As 1 Samuel 16:1–13 reveals, nothing in David himself made him worthy of the throne of Israel. The lineage of his father Jesse is not given in detail, which is the author’s way of depicting the clan’s insignificance. David was also the youngest son of Jesse, perhaps as young as eleven or twelve at his anointing, and one whom Jesse hardly regarded as a possible candidate for king (vv. 11–12). True, David had rugged good looks (v. 12), but he was certainly not the only handsome shepherd boy in the land.
Because David was finally unworthy of the throne, he and his sons were to understand that they relied on God alone for their position and were to trust Him to keep His promises. David’s family had difficulty grasping this truth, but it was not a problem for Ethan the Ezrahite, the author of Psalm 89. This psalm celebrates the Davidic covenant, even fleshing out its blessings more fully than 2 Samuel 7 or 1 Chronicles 17.
We see in Psalm 89 that our Creator’s bond with David is no ordinary covenant, for in it the Lord is pleased to share His sovereignty. One commentator demonstrates how if we compare what is said about the Davidic king with what is said about God, we find parallels in which He and David are similarly described.
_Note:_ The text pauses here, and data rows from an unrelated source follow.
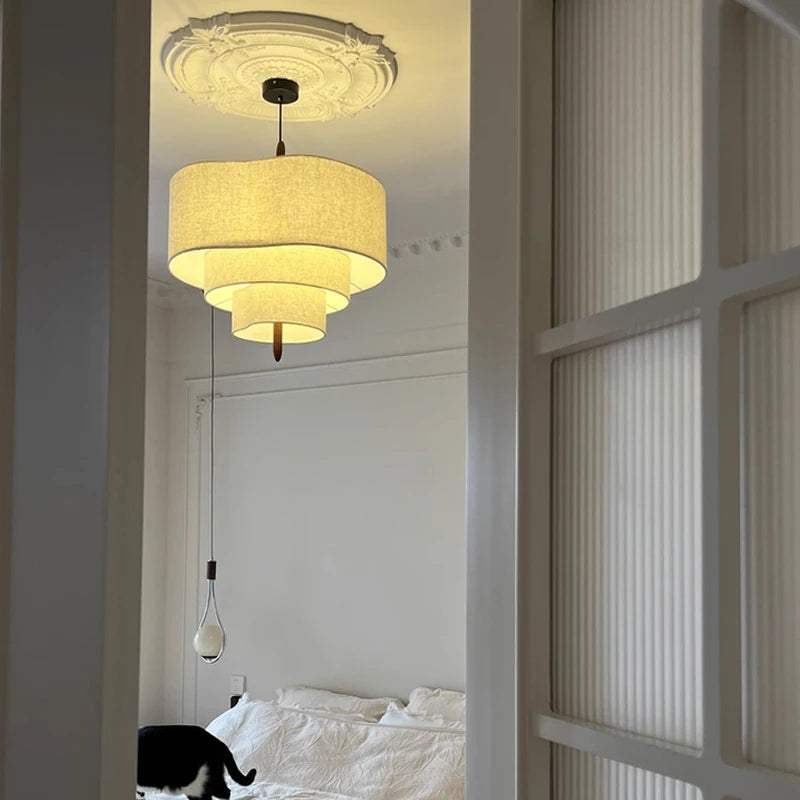 Wabi-Sabi Fabric Pendant Chandelier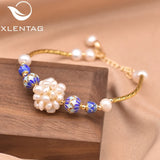 XlenAg Natural Pearl Bracelet - Adjustable Charm Bracelet
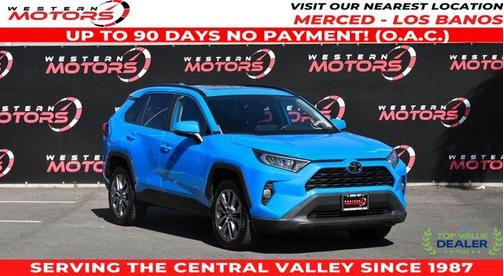 Blue 2020 Toyota RAV4 XLE Premium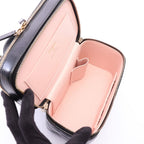 Chanel Shoulder Bag Quilted Vanity 2-Way Black Chain — view 3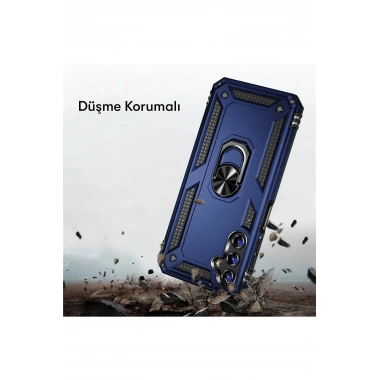 Mey İthalat® Samsung Galaxy A04S Kılıf Sofya Yüzüklü Silikon Kapak - Siyah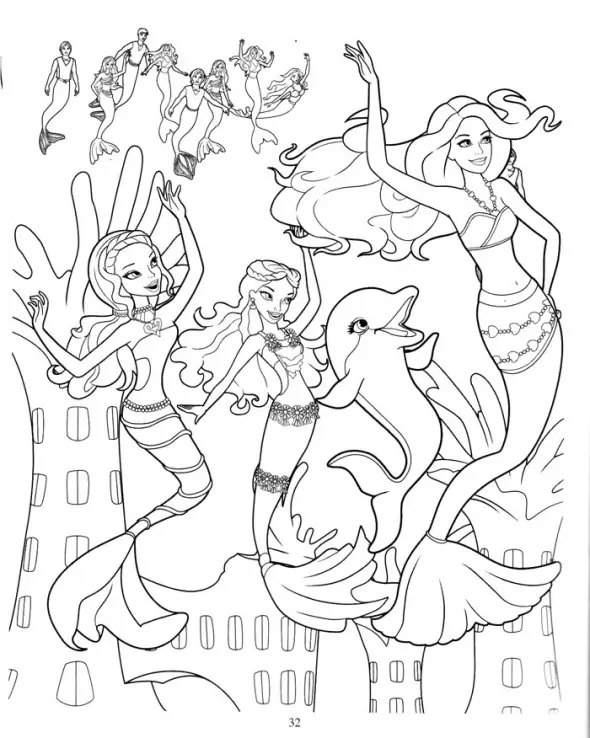 Barbie in a Mermaid Tale Coloring Picture 3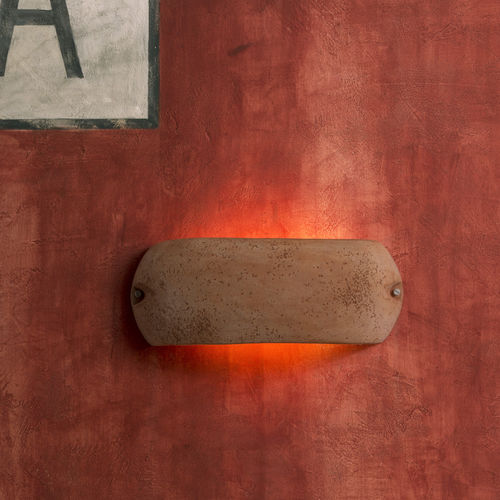 Applique contemporanea - CASTELVERDE - TOSCOT - da esterno / in terracotta / curva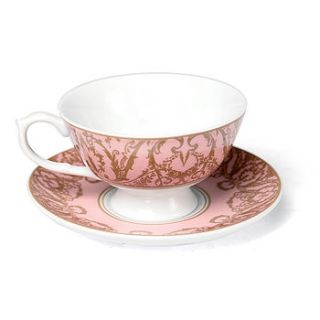 set of four pink regency teacup and saucer by lover's lounge
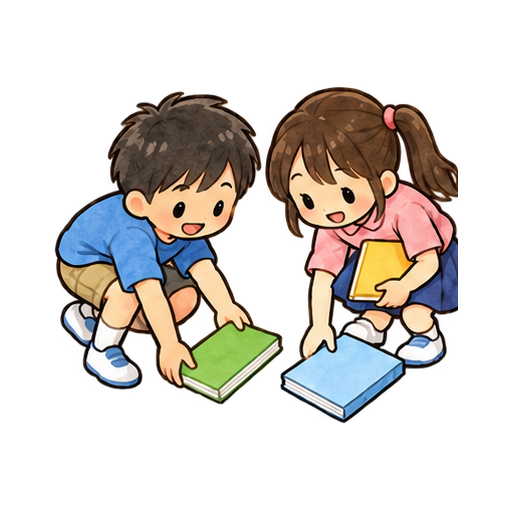 困った友だちを助けるのイラスト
Just as the Lord is exalted (vv. 16–18), so too is David’s throne exalted (v. 19). Note also that God crushes all His foes (vv. 9–10) even as David’s enemies will be crushed before him (vv. 22–23). Furthermore, the Lord is the supreme ruler over all (vv. 5–12) and the Davidic king is “the highest of the kings of the earth” (vv. 2 4–27).
Unlike David and all but one of his sons, however, God is inherently worthy of all these honors. Still, the Lord graciously promised never to turn His back on David’s line completely. He confirmed this love with an oath, which He swore by His holiness, for He can swear by none higher (vv. 35–37; see Heb. 6:13).
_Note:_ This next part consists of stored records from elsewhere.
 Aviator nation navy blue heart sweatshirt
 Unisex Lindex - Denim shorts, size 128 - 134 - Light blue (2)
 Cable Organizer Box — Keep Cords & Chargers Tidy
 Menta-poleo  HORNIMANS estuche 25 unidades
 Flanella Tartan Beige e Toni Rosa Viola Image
Yet one of David’s sons is worthy to share honor with God, and our Creator ultimately gives glory to this Son alone. This one bore the rod for the sins of David’s people in a way David and his other sons never could (Ps. 89:30–34). David and his sons were promised blessing, but as John Calvin writes, “In the branch which sprung from the root of Jesse, these words were fulfilled in their fullest sense.” Jesus Christ, the incarnate God, son of David, and branch of Jesse, alone can share His Father’s glory.